- _Dataset excerpts_
=-=-=-=-=

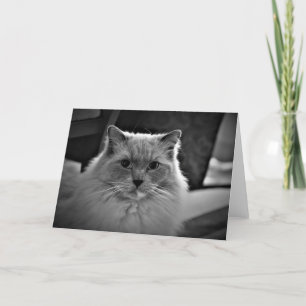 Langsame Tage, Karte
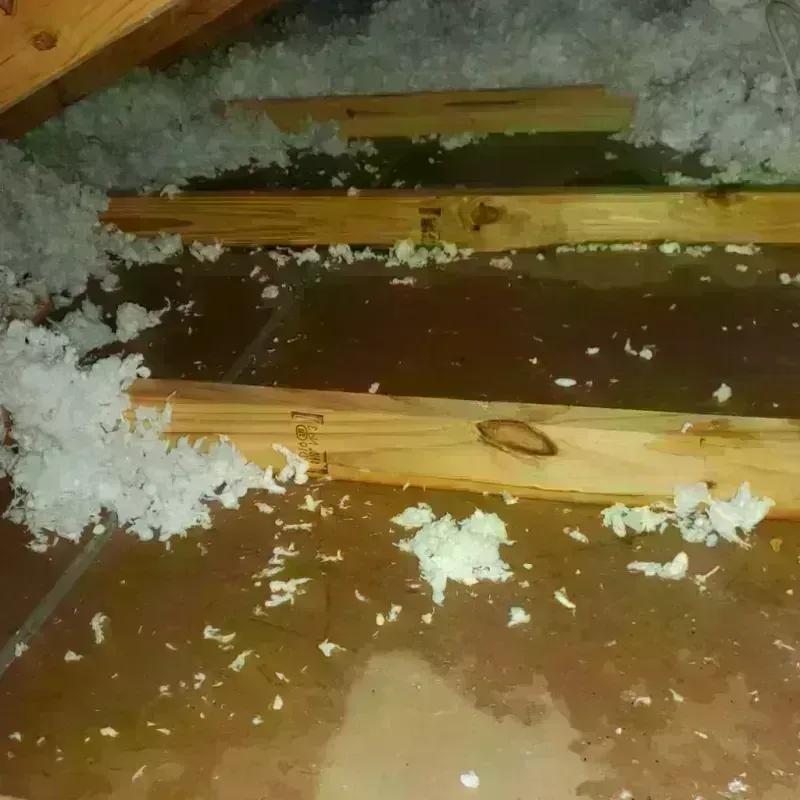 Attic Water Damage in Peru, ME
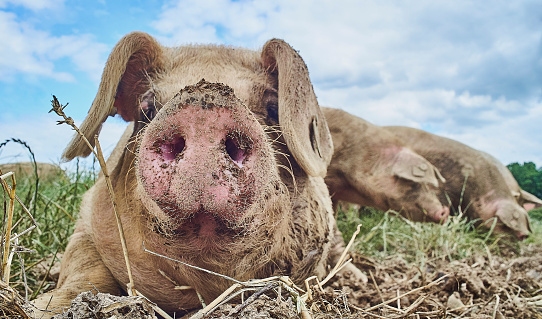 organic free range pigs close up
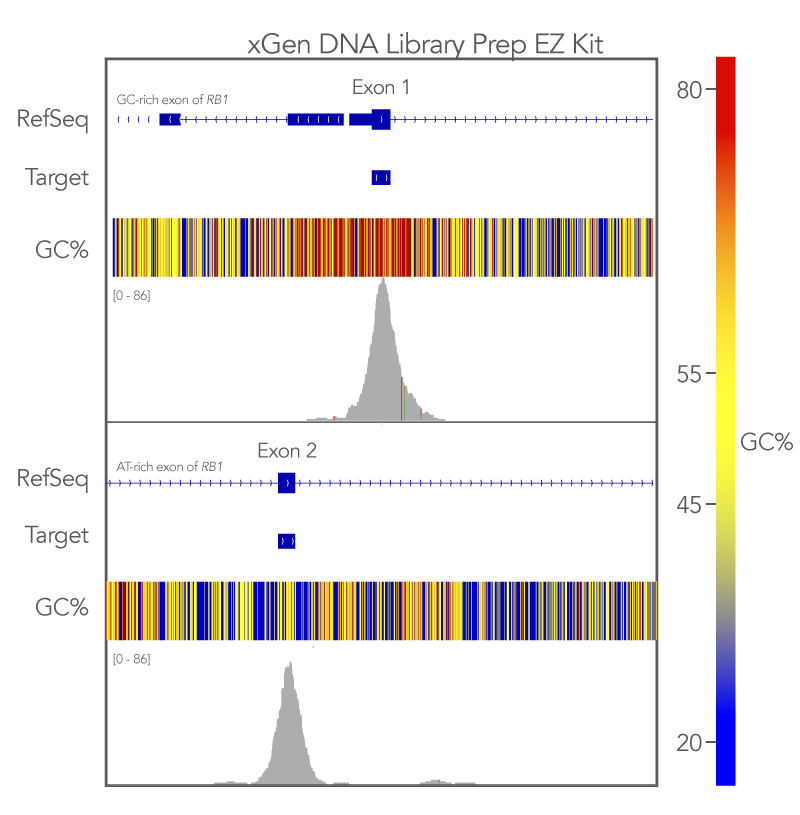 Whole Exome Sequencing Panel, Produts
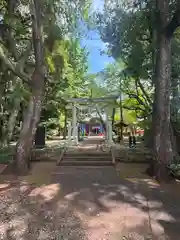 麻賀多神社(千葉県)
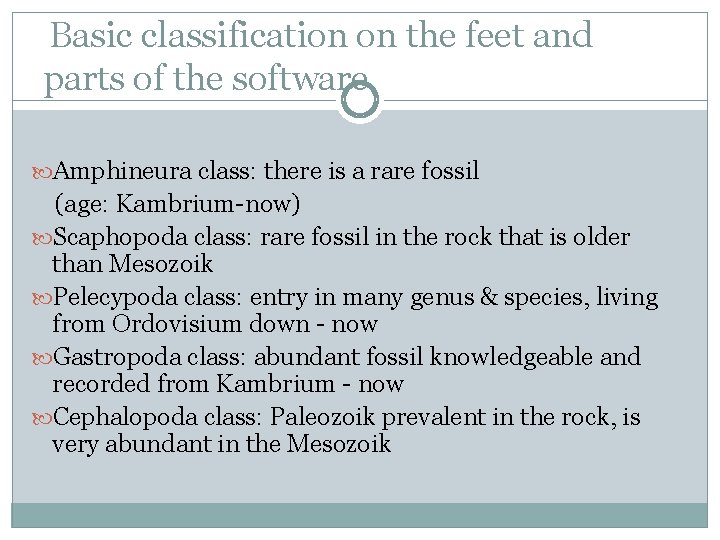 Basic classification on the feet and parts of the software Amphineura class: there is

=-=-=-=-=

- _Directions_
Please print the entire listing again exactly, minus its images.

- _Exercise response_
 Langsame Tage, Karte
 Attic Water Damage in Peru, ME
 organic free range pigs close up
 Whole Exome Sequencing Panel, Produts
 麻賀多神社(千葉県)
 Basic classification on the feet and parts of the software Amphineura class: there is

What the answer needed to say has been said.